### What is being asked:
Could you give again exactly, and only, the lines from the one holding "Engine coolant pipe/hose 110605992R" through the end of the data, both ends included, with pictures left out?

### Data for this exercise:
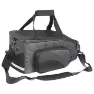 XLC Ba S43 15l Tasche, Black / anthracite, One Size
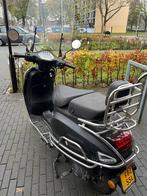 Scooter, Ophalen of Verzenden, Zo goed als nieuw, Benzine, Overige merken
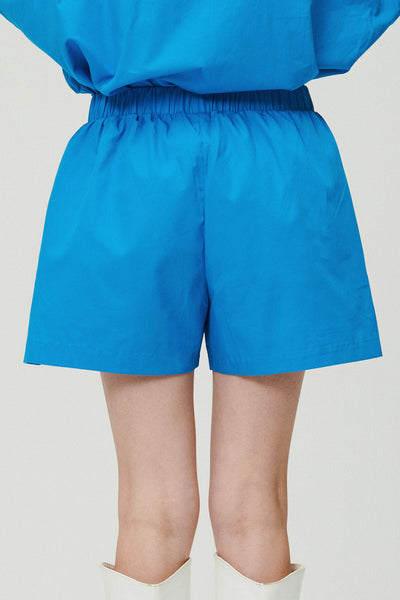 storets.com Tyra Utility Pocket Short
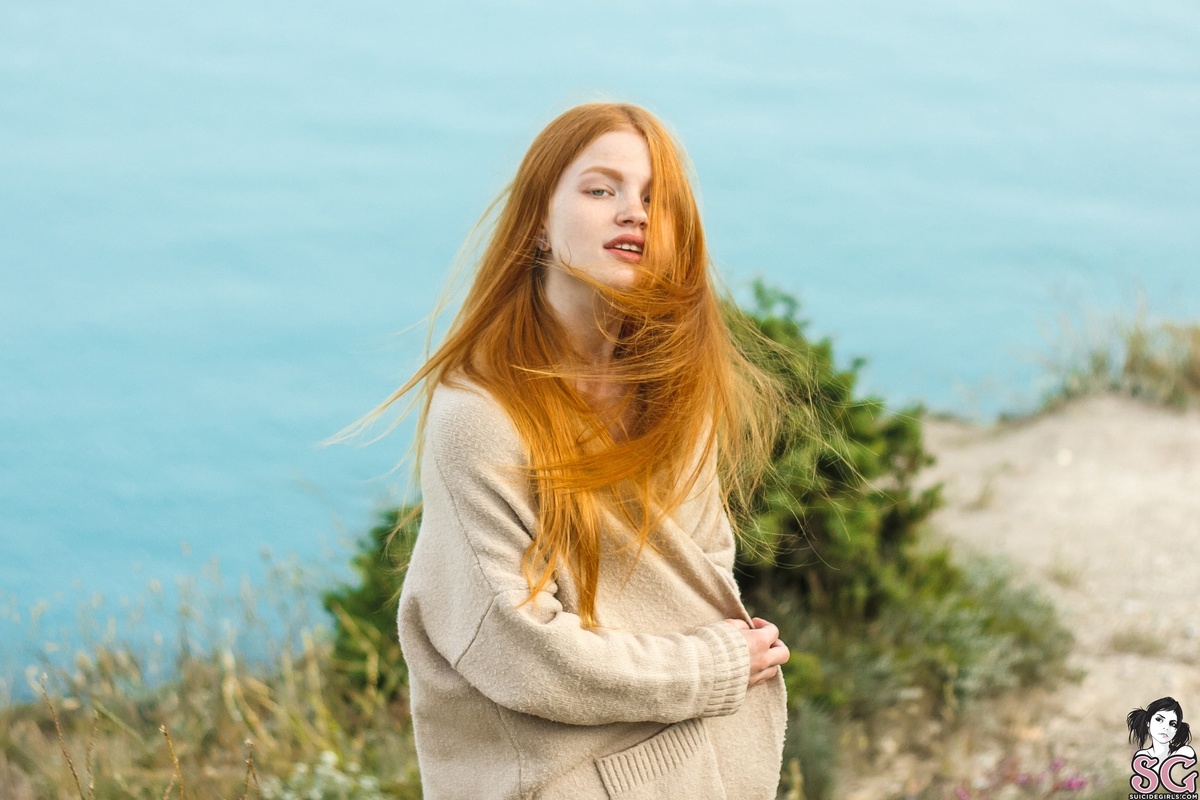 helen-seabreeze-03.jpg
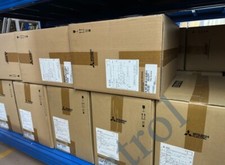MDSDH2V1160W Module, PLC, LCD, Board, Controller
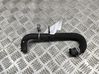 Engine coolant pipe/hose 110605992R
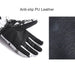 Ultralichte Waterdichte Ski Handschoenen - Winter Outdoor Sneeuw Handschoenen - Bivakshop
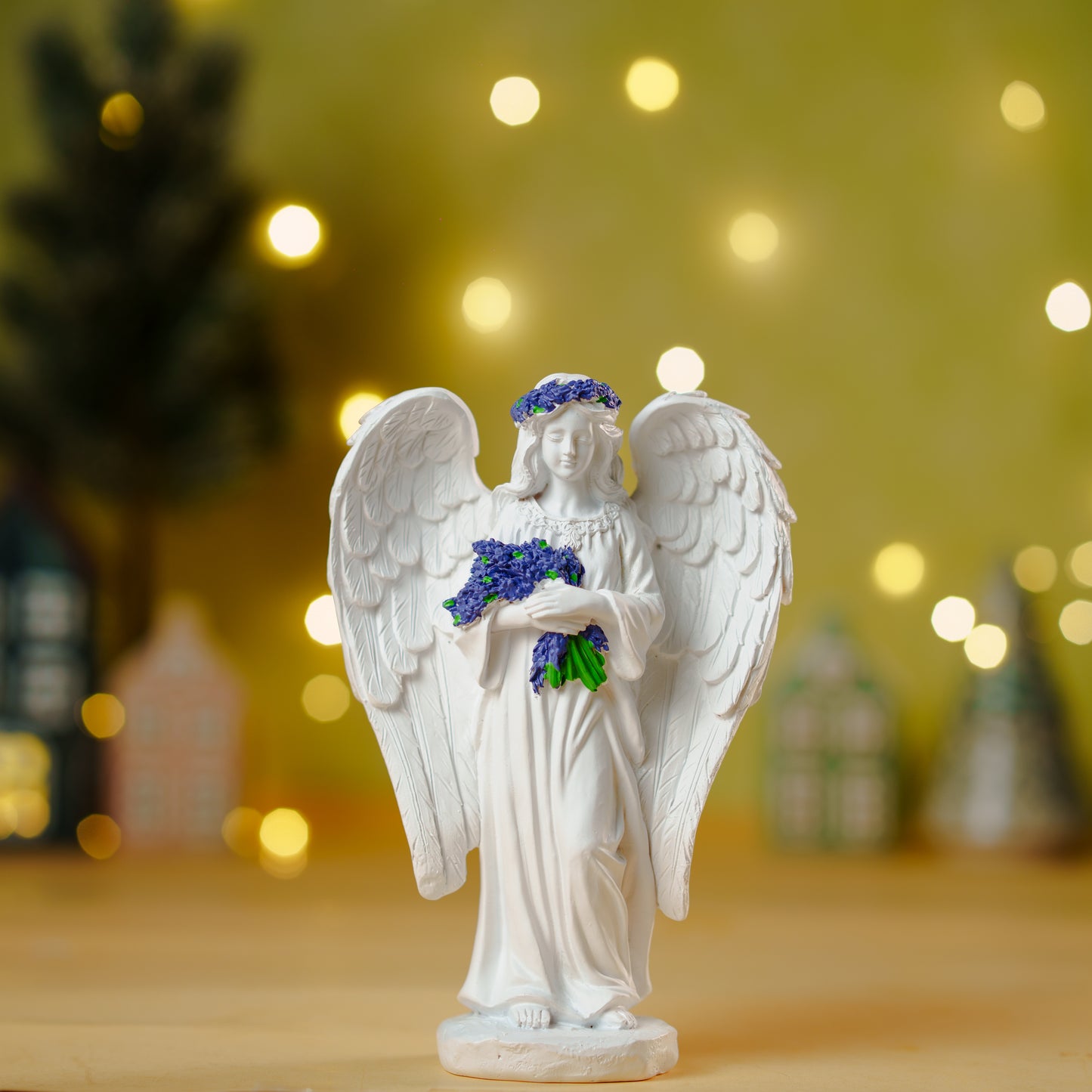 THD236 ANGEL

### Task result:
 Engine coolant pipe/hose 110605992R
 Ultralichte Waterdichte Ski Handschoenen - Winter Outdoor Sneeuw Handschoenen - Bivakshop
 THD236 ANGEL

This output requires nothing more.